_What you need to do_.
Extract, word for word, each line from the line holding "If you'd like" through the end of the records. Omit every picture.

(Stored data)
========================

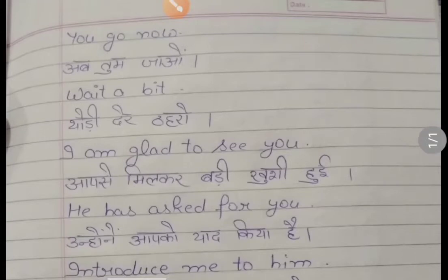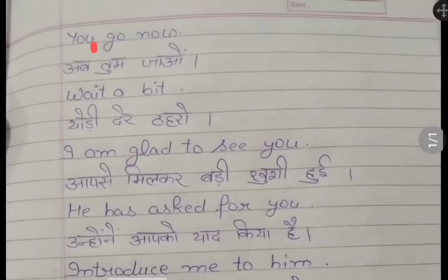Aap tum jao — you go now. Thodi der thaihro — wait a bit.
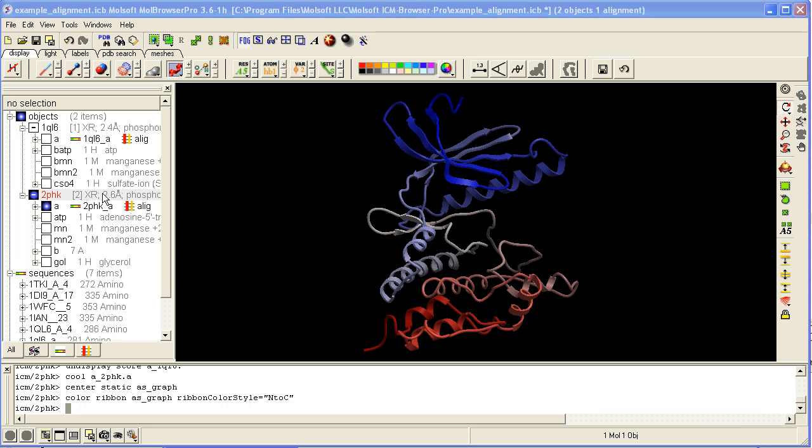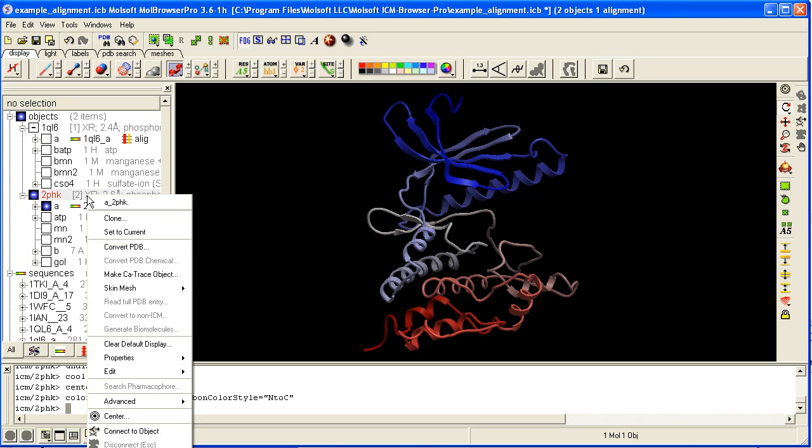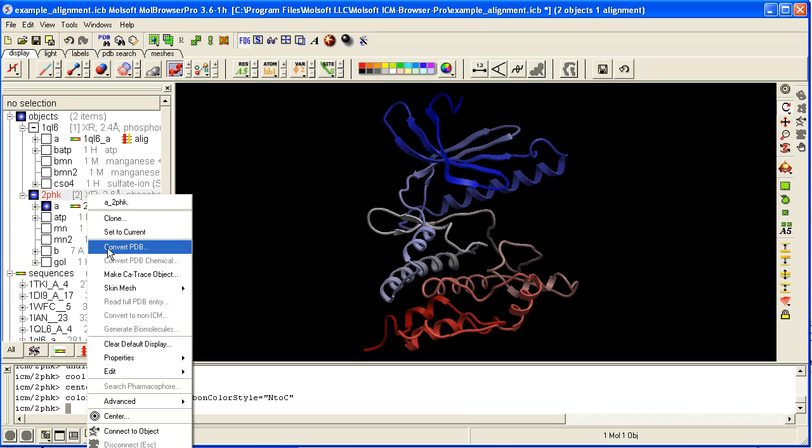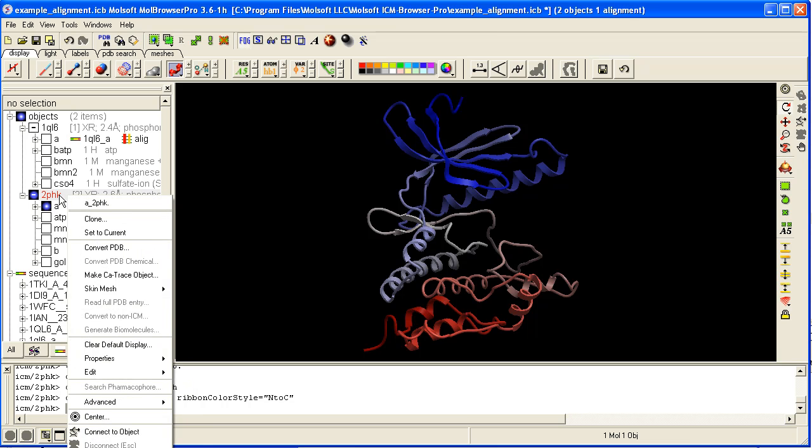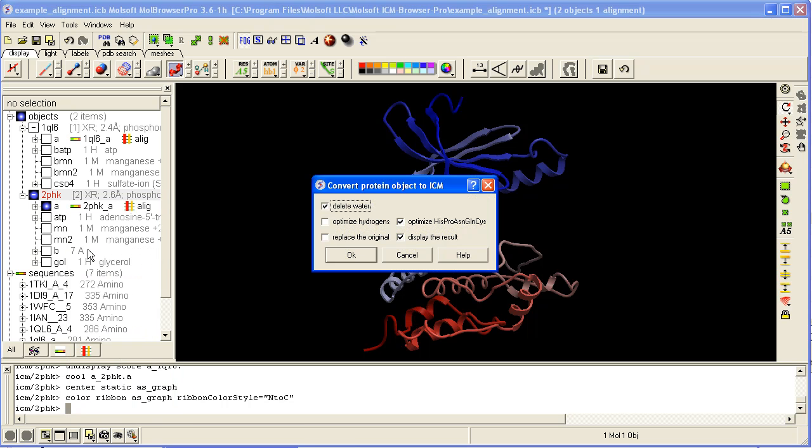To convert it to an ICM object so you can do energy calculations, hydrogen bonds, and things like that, right-click on the name of the object and select convert PDB.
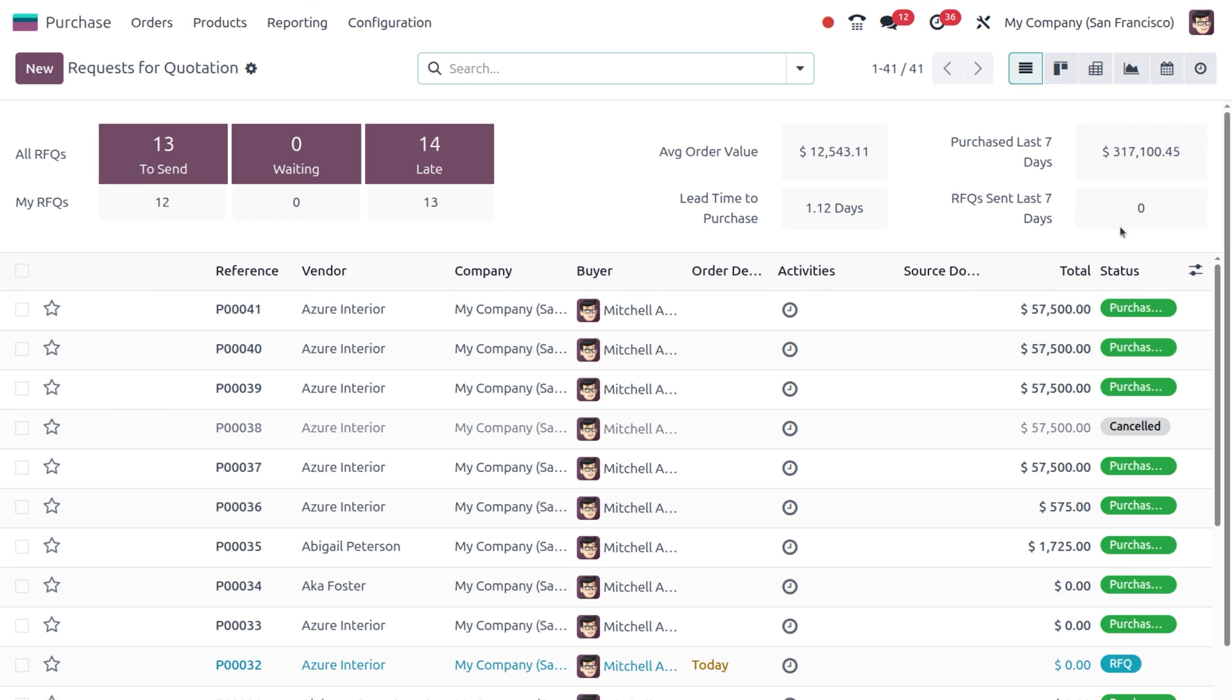Later they ship and bill the remaining quantity. In Odoo, this is handled through partial receipt and partial vendor bills. This ensures your records and recordings are always accurate.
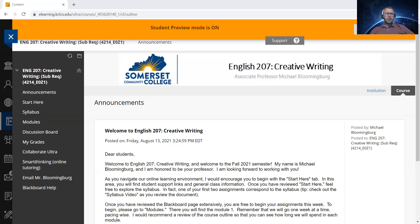The withdrawal policy link is on the syllabus. It's a 16-week class and I hope that we don't lose anyone. But if for whatever reason you have to withdraw, please feel free to review that policy.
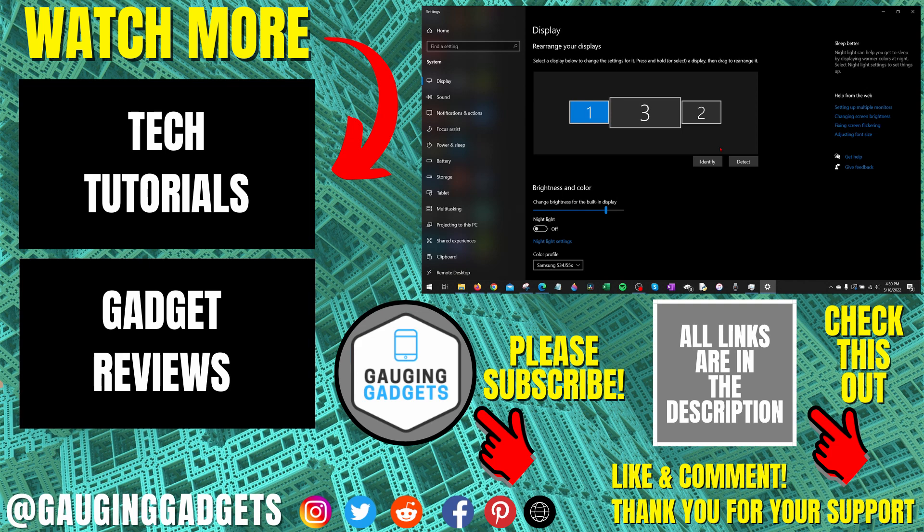If you'd like to see more Windows 10 tips and tutorials, check the links in the description. If this video helped you, give it a thumbs up and please consider subscribing to my channel Gauging Gadgets for more gadget reviews and tech tutorials. Thank you so much for watching.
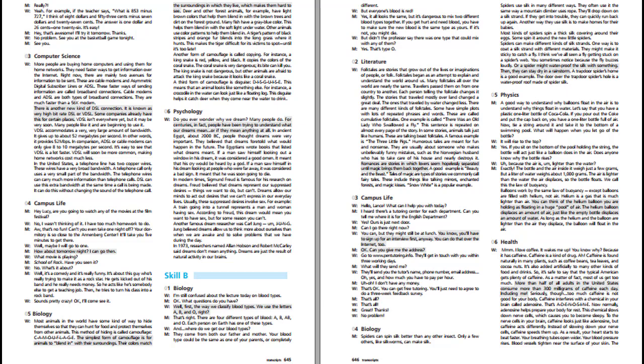In some stories, animals talk just like humans. These are talking beast folktales. A famous example is The Three Little Pigs. Humorous tales are meant for fun and nonsense. They are usually about someone who makes unbelievably funny mistakes. Romances are stories in which lovers seem hopelessly separated until magic brings them back together. A good example is Beauty and the Beast. Tales of magic are types of stories we commonly call fairy tales. These include things like talking mirrors, enchanted forests, and magic kisses. Snow White is a popular example.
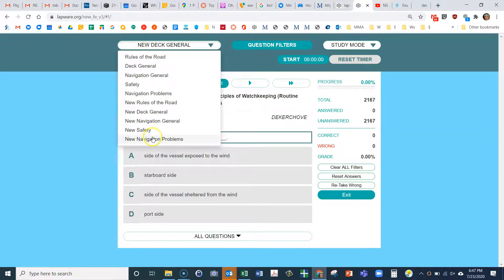Those are the filters you need to use. All the other stuff in my previous videos is still valid, except for this — these are the updated settings for the new exam. Good luck.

========================

_Result of the task_.
If you'd like to see more Windows 10 tips and tutorials, check the links in the description. If this video helped you, give it a thumbs up and please consider subscribing to my channel Gauging Gadgets for more gadget reviews and tech tutorials. Thank you so much for watching.
In some stories, animals talk just like humans. These are talking beast folktales. A famous example is The Three Little Pigs. Humorous tales are meant for fun and nonsense. They are usually about someone who makes unbelievably funny mistakes. Romances are stories in which lovers seem hopelessly separated until magic brings them back together. A good example is Beauty and the Beast. Tales of magic are types of stories we commonly call fairy tales. These include things like talking mirrors, enchanted forests, and magic kisses. Snow White is a popular example.
Those are the filters you need to use. All the other stuff in my previous videos is still valid, except for this — these are the updated settings for the new exam. Good luck.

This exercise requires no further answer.